The Meeting That Never Got Past Item One
Earlier in my career, I had the opportunity to observe a meeting that I have thought about many times since. I was working for the president of the university system in North Carolina, and she had convened a remarkable group of state-level leaders. Legislators were in the room. So was the president of the community college system, the secretary of labor, and a representative from the governor’s office, among others. The goal of building a stronger framework for collaboration across systems to produce a better-prepared workforce was ambitious, and the agenda they brought to the table reflected that ambition.
Data sharing appeared on that agenda as a preliminary item that everyone seemed to regard as perfunctory. The expectation was to dispatch it efficiently and move on to the harder work of designing programs and aligning systems. These were not naive people. They were among the most experienced and capable leaders in the state. And they spent the entire meeting on that one item before time ran out. The group never reconvened.
What I watched that day was not a failure of leadership or ambition. It was the WarGames assumption meeting reality. If a teenager in his bedroom could pull up NORAD in 1983, sharing data across a handful of state agencies should be straightforward. Except it never is. And the people who know that best are rarely the ones setting the agenda.
What the Work Actually Requires
Data sharing sounds like an information problem. In practice, it is an organizational problem, and the information piece is often the last thing you get to. Before two organizations can share data meaningfully, they must agree on definitions. What counts as a student? What counts as a completion? What counts as a successful outcome? Those questions sound simple until you discover that two agencies have been answering them differently for twenty years and have built their entire reporting infrastructure around those different answers.
Then there are the systems themselves, often built in different eras, by different vendors, for different purposes, with no expectation that they would ever need to speak to each other. And underneath all of it are the cultures of the organizations involved, the unspoken assumptions about what data is for, who owns it, who has the right to see it, and what it means to share it across an institutional boundary.
None of this is insurmountable. But none of it is perfunctory either. The distance between the dashboard someone imagines in a planning meeting and the one that eventually gets built is where initiatives stall, partnerships dissolve, and leaders quietly conclude that data-driven work is more slogan than practice.
Two Years Before the First Data Exchange
When I arrived in Harford County, I knew that realizing the vision I was building for students would require a genuine partnership with the local community college.

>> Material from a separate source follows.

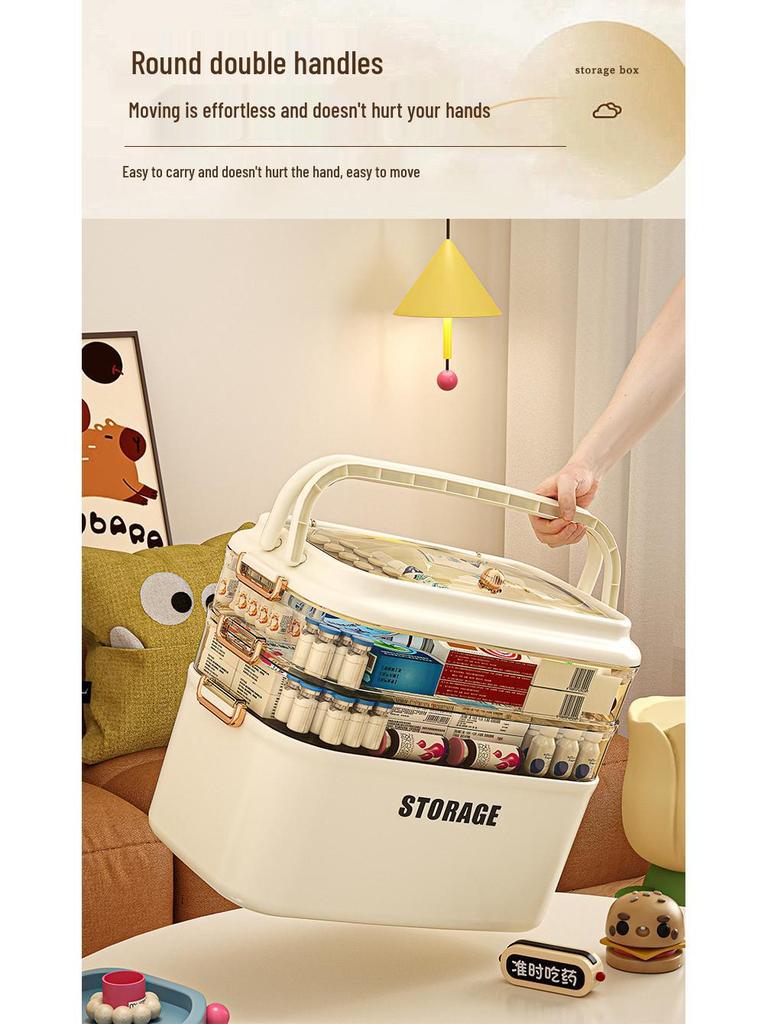 Large Capacity Multi-Layer Family Medicine Storage Box for First Aid and Medication Organization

Dual enrollment was central to that vision, and dual enrollment done well means that both institutions can clearly see the same students, track their progress in real time, and respond when something goes wrong.
I also knew, from what I had witnessed in North Carolina, that the data sharing piece was going to be harder than it looked. I discussed this with the college president when we began our conversations. I recalled that state-level meeting. I told my own staff the same thing before they began the detailed work of building the exchange. I wanted everyone who touched this effort to understand that difficulty was not a sign of failure. It was the nature of the work, and it took much longer than we had expected.

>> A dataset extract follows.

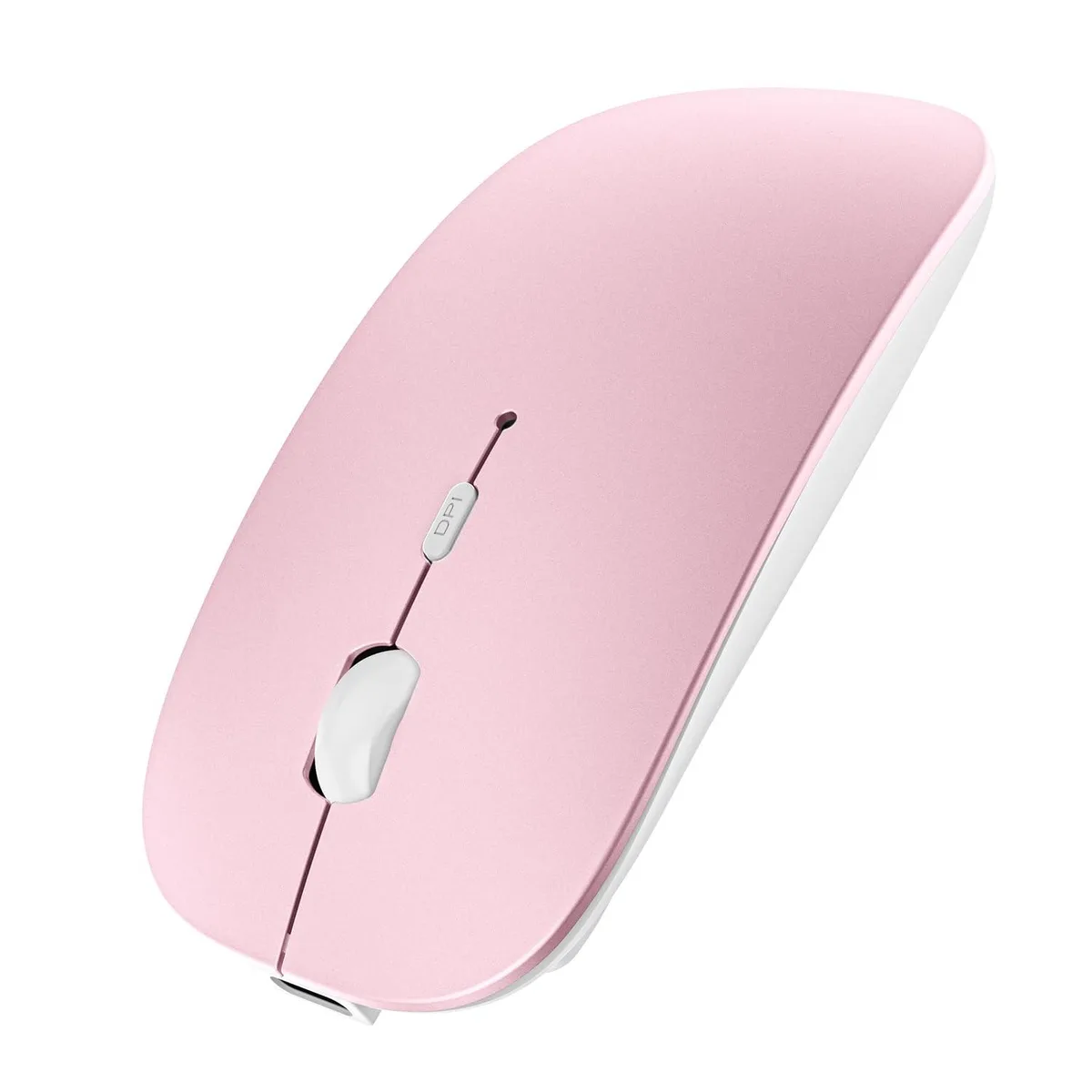 Pink ultra-slim wireless mouse with silent buttons and rechargeable battery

We spent two years on extensive back-and-forth between our teams before we reached a point where we could share enrollment and progress data daily. There were moments when my patience wore thin. But I understood what was happening beneath the surface. The friction was not about will or competence on either side. The cultures of a public school system and a community college are genuinely different, and those differences shape everything, including how data is structured, stored, labeled, and understood. In many respects, data sharing served as a proxy for the structural and cultural gaps the partnership had to close. Working through it built something neither organization could have built alone.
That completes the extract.